John Halford

Beach Street
Middle Street
16 Lower Street
195 Lower Street

Occupation: Stocking Weaver & Hosier

John Halford & Frances Cox married in St. Lawrence, Thanet in  December 1813 moving soon afterwards to Deal where John was to run his hosiery business. The following year in November their first child Mary was born. Her baptism record states that John is a Stocking Weaver and that they were then living on Beach Street. Another daughter, Sarah, was to follow in 1816 when they had moved into Middle Street and by 1818 John had moved to Lower Street which is where Frances and her younger siblings were all born.
Sarah must have died before 1819 as a second daughter of that name was born in November of that year.
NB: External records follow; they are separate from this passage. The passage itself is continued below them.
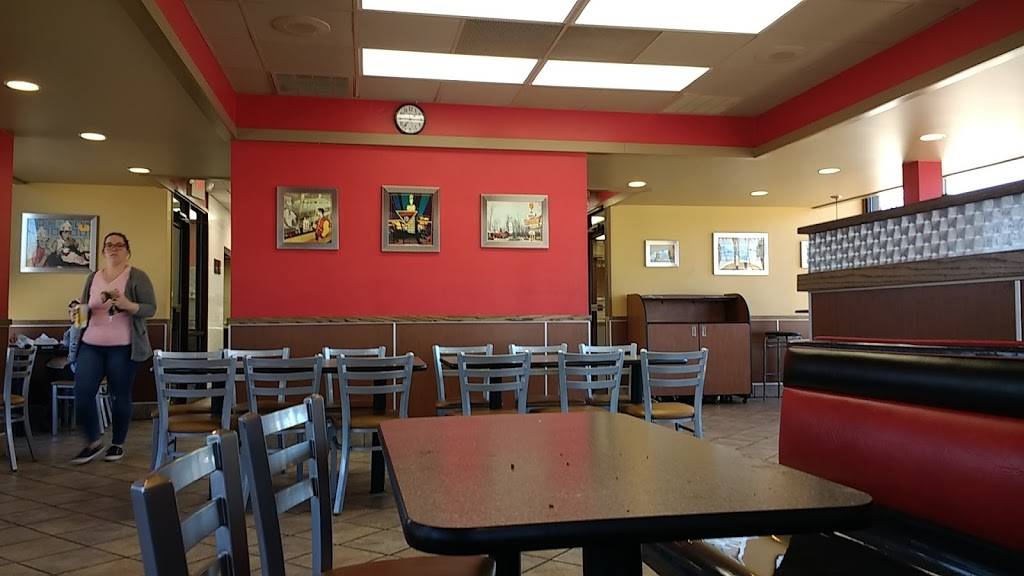 Hardees | restaurant | 1102 Peoria St, Washington, IL 61571, USA | 3094442023 OR +1 309-444-2023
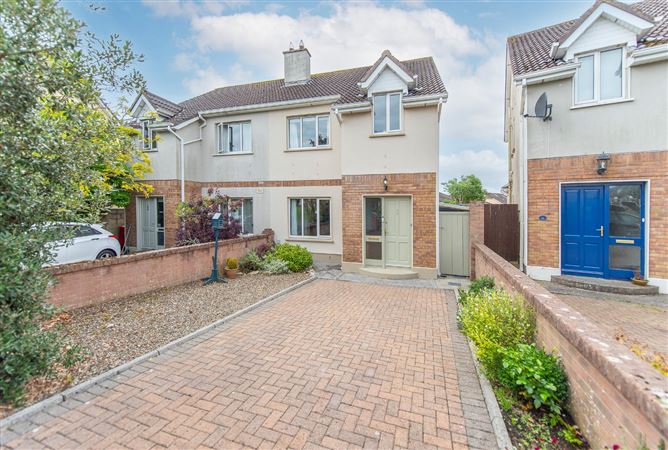 70 Cluain Dara, Knocknacarra, Galway City, Co. Galway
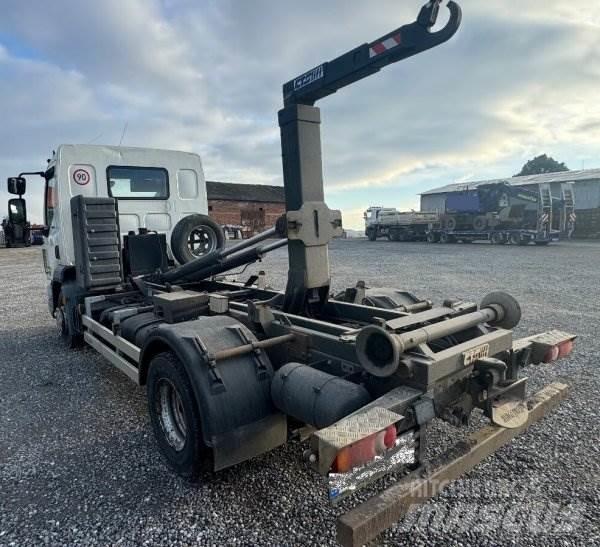DAF LF 250 FA +(CZ) CTS Rol kiper kamioni s kukama za dizanje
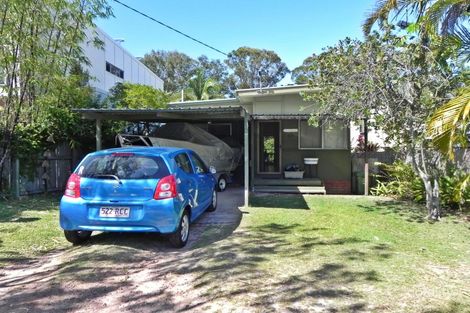 34 Macdonald St, Dicky Beach, QLD 4551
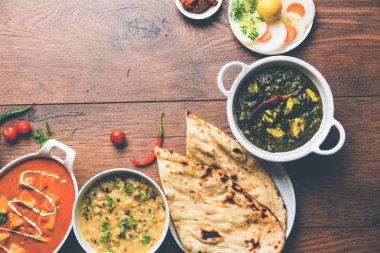 Öğle veya akşam yemeği, pilav, mercimek, paneer, dal makhani, naan, Hint turşusu, çeşitli Hint Gıda moody arka plan üzerinde baharatlar. seçici odak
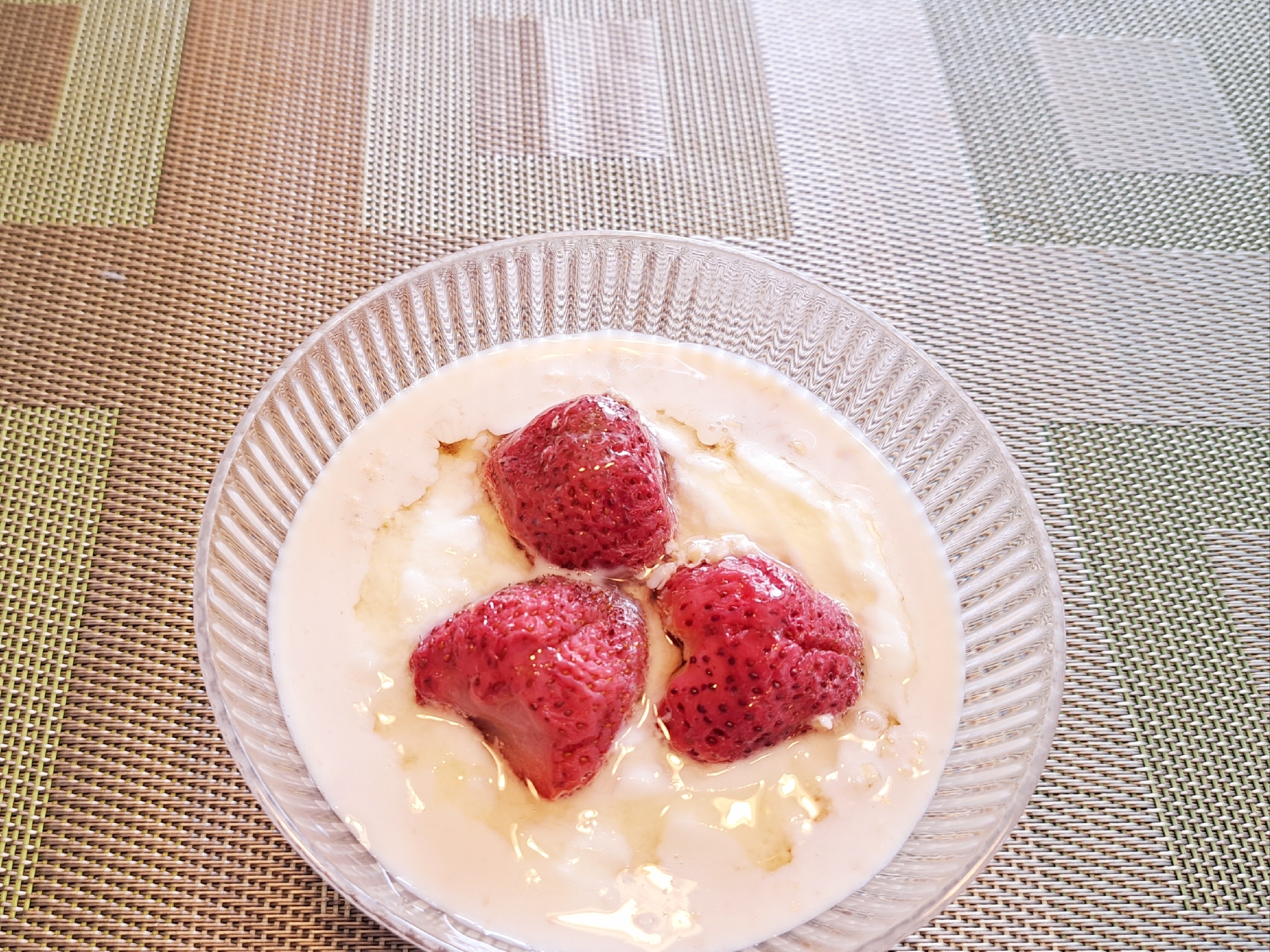 いちごのオーバーナイトオーツ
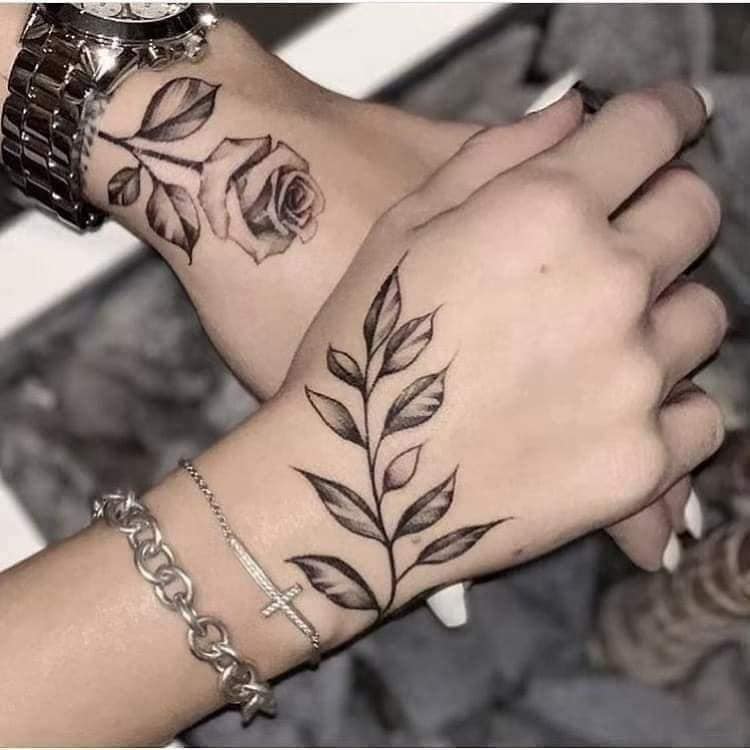 44 Tatuajes en Mano Ramas negras en una y Flor rosa en otra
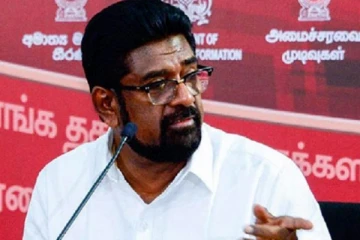 ஒலிம்பிக்கில் பங்கேற்ற இலங்கை வீர, வீராங்கனைகளின் சீருடை குறித்து சர்ச்சை!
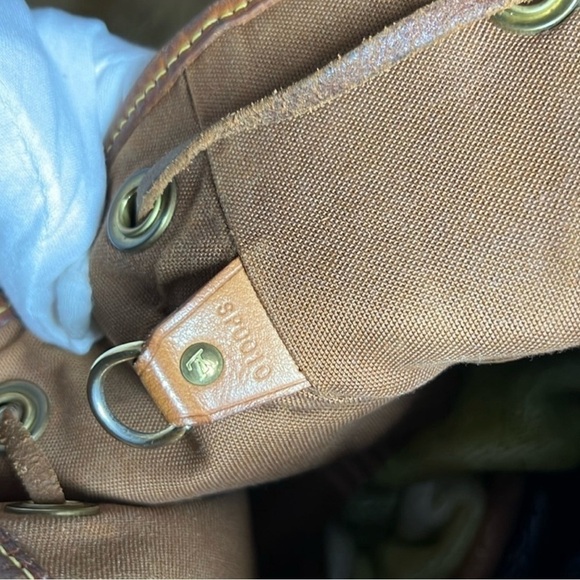 Louis Vuitton MM MONTSOURIS full size backpack beautiful honey patina with COA - Picture 6 of 13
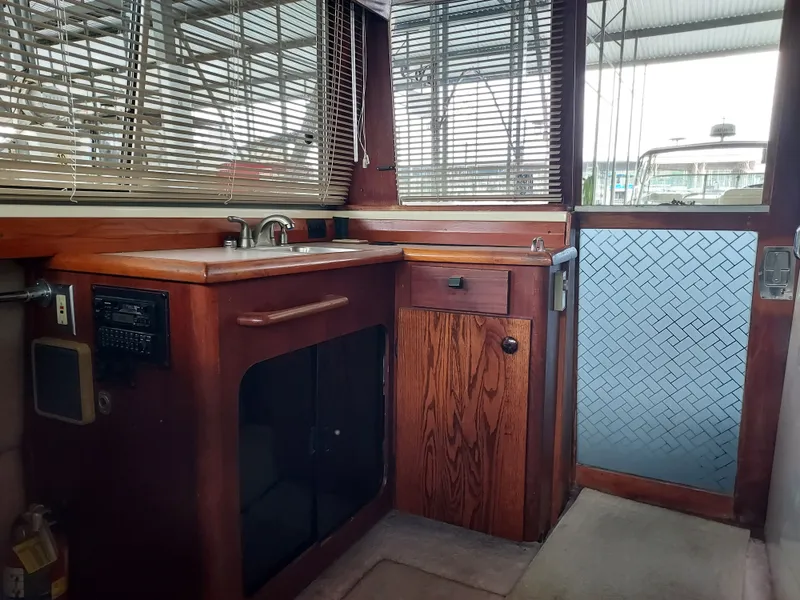 Slide: The Image of Bayliner 3870 Motoryacht 1989 - 22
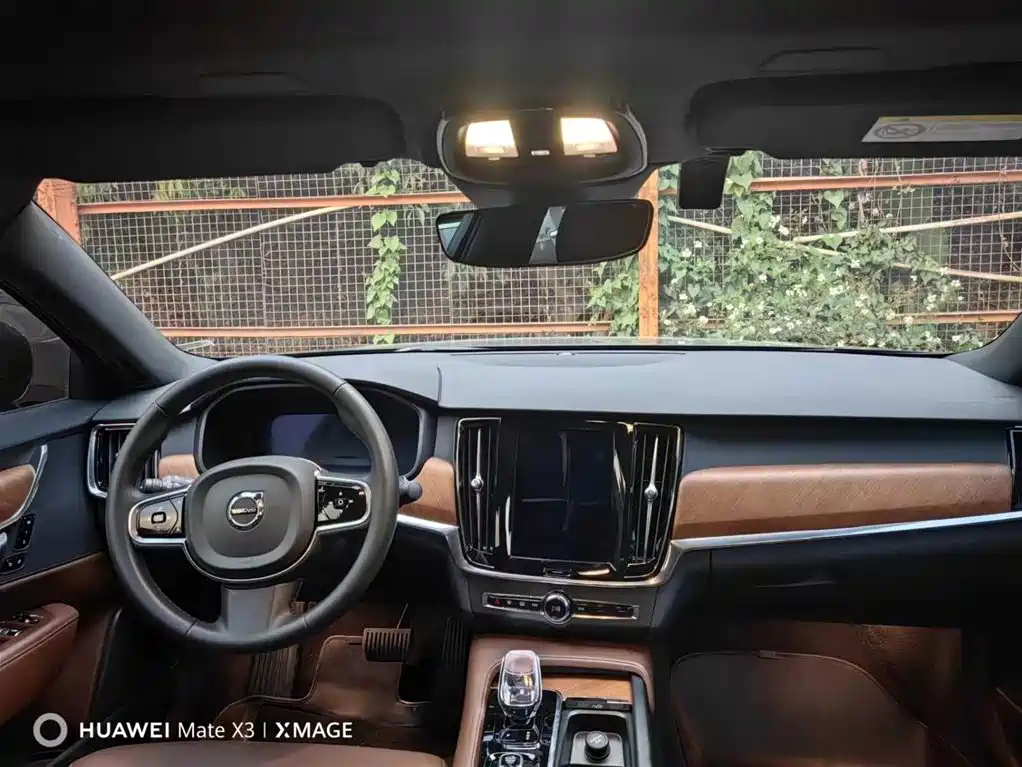 VOLVO S90 2023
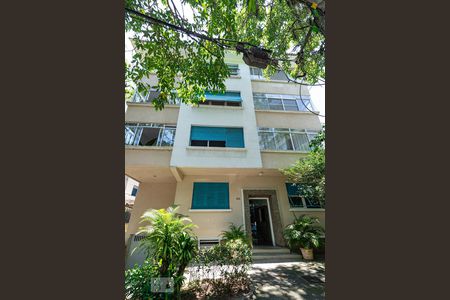 Apartamento à venda com 115m², 3 quartos e 1 vaga Apartamento à venda com 115m², 3 quartos e 1 vagaFachada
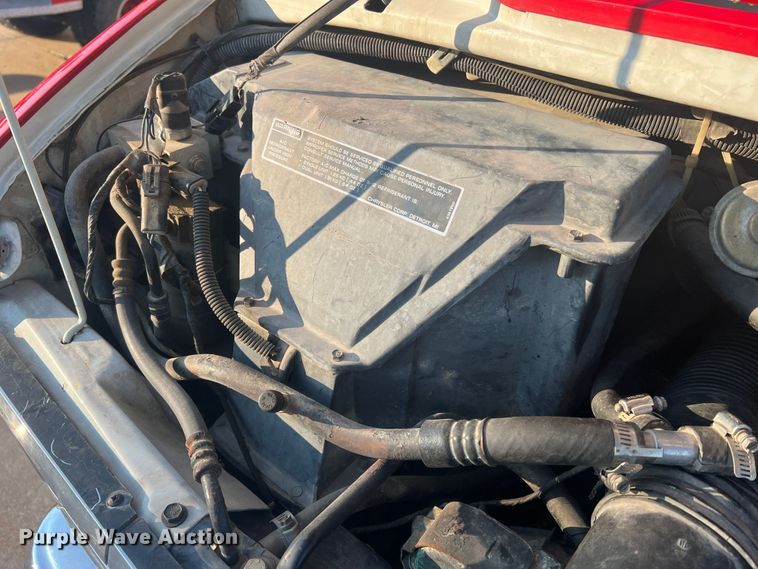 image for item MR9886 1991 Dodge Ram Wagon B350  rescue vehicle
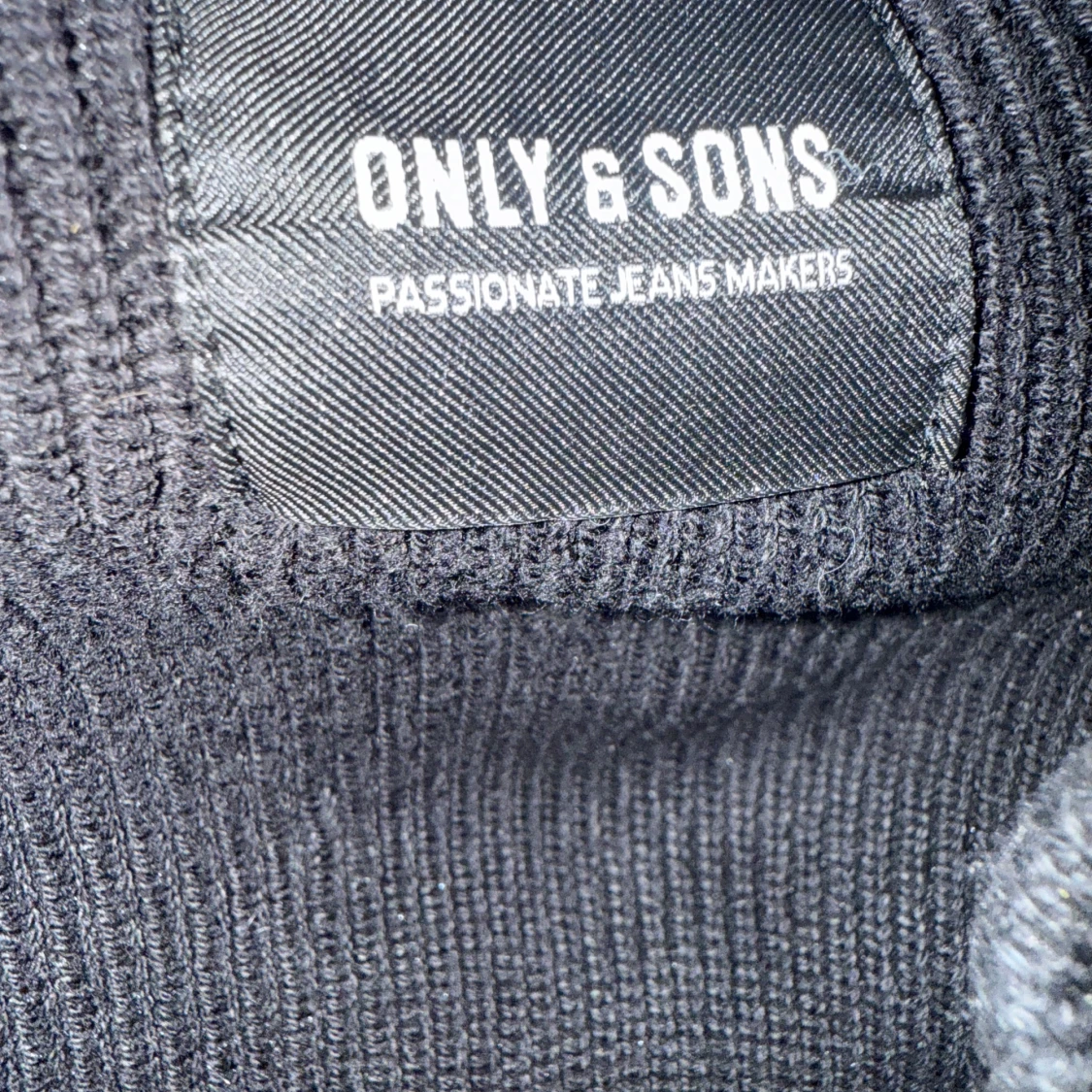 Svart stickad kofta från Only & Sons - 2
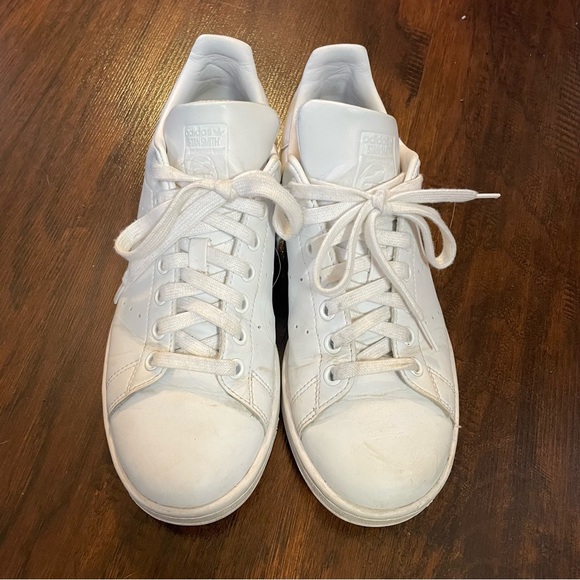Adidas Stan smith Sneakers - DONATING 5/14 - Picture 1 of 8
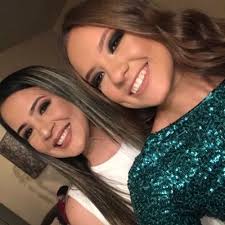 Betty Rios (@_bettica)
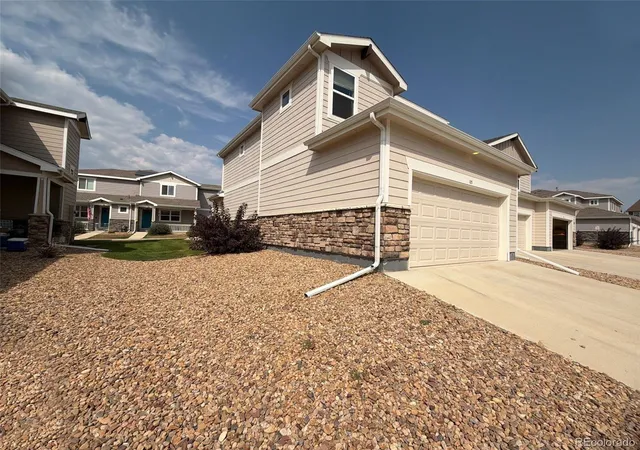 Photo 4 of Townhouse for sale at 6107 Summit Peak Ct #105, Erie, CO 80516 | MLS# 4384340 | Listing updated on 2026-08-21
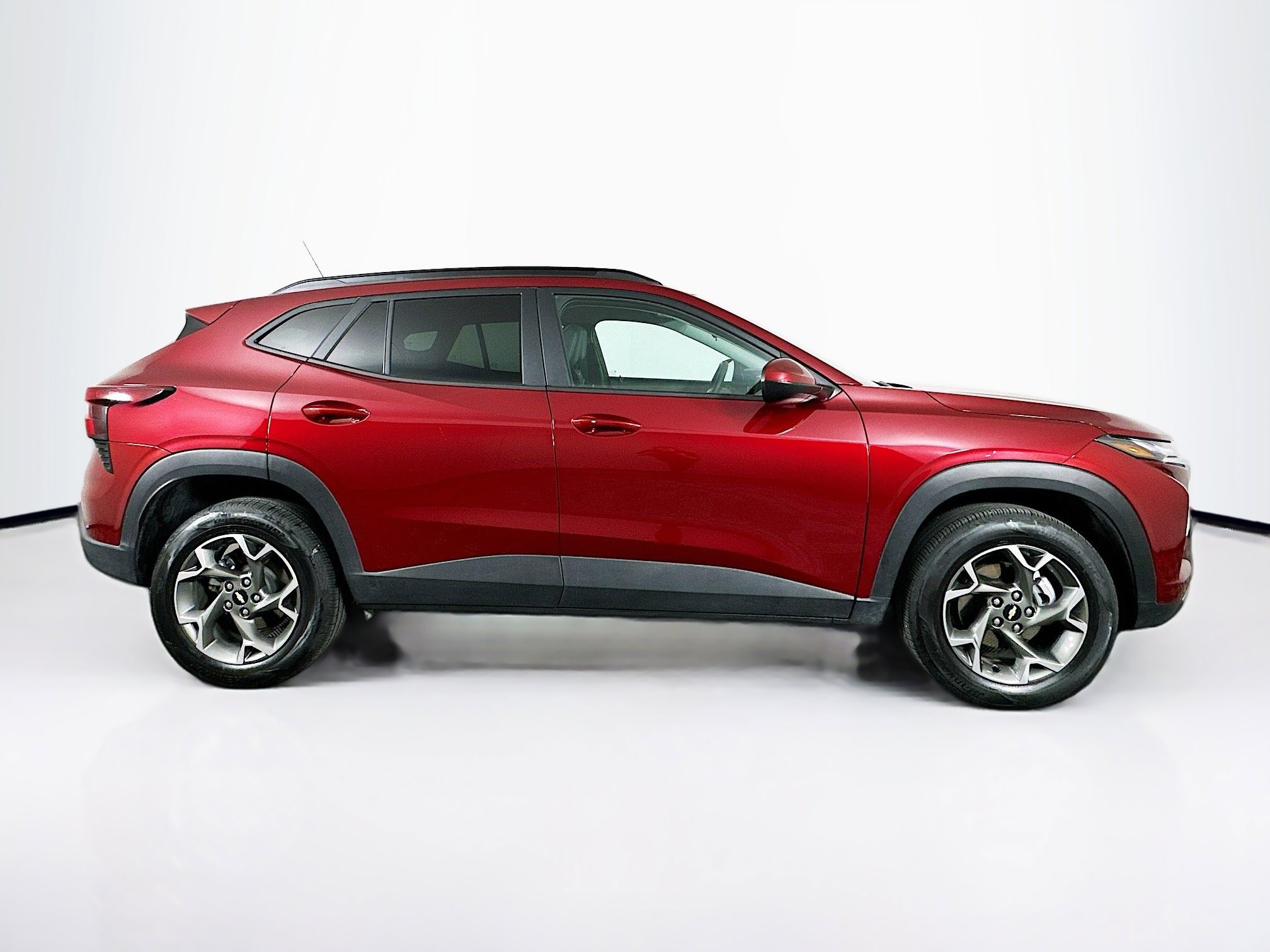 Used 2025 Chevrolet Trax LT w/ LT Convenience Package image 10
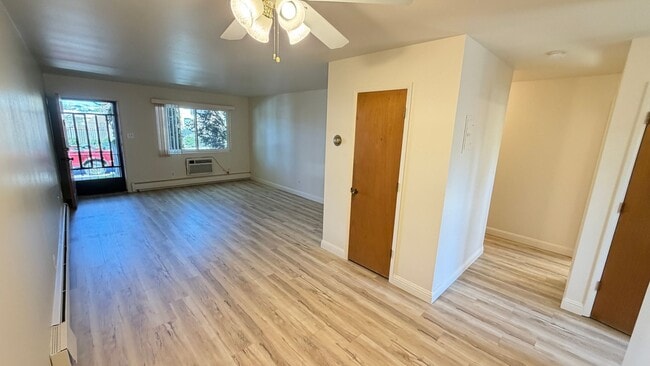 Building Photo - 1100 Harvard Wy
Mary also must have died before 1822 as it is in this year that we find John and Frances registering their children, Frances, Sarah and Alfred at the  Dr. Williams’ Library, followed later by John, Mary Ann and Thomas.

Dr. Williams’ Library

As Dr. Williams’ Library is usually associated with the nonconformist churches we are assuming that the family had decided to worship at one of the nonconformist churches in Deal sometime after Frances’ birth. Adding weight to this assumption is that no burial records can be found for Mary or the first Sarah or indeed any baptism records for their siblings born after 1818. But which church did they attend? Well, we can rule out the Congregational Church as those records are online and there are no Halfords recorded amongst them and also there does not appear to be any Congregational (Independent) members registered with the library. But which other church still remains a mystery!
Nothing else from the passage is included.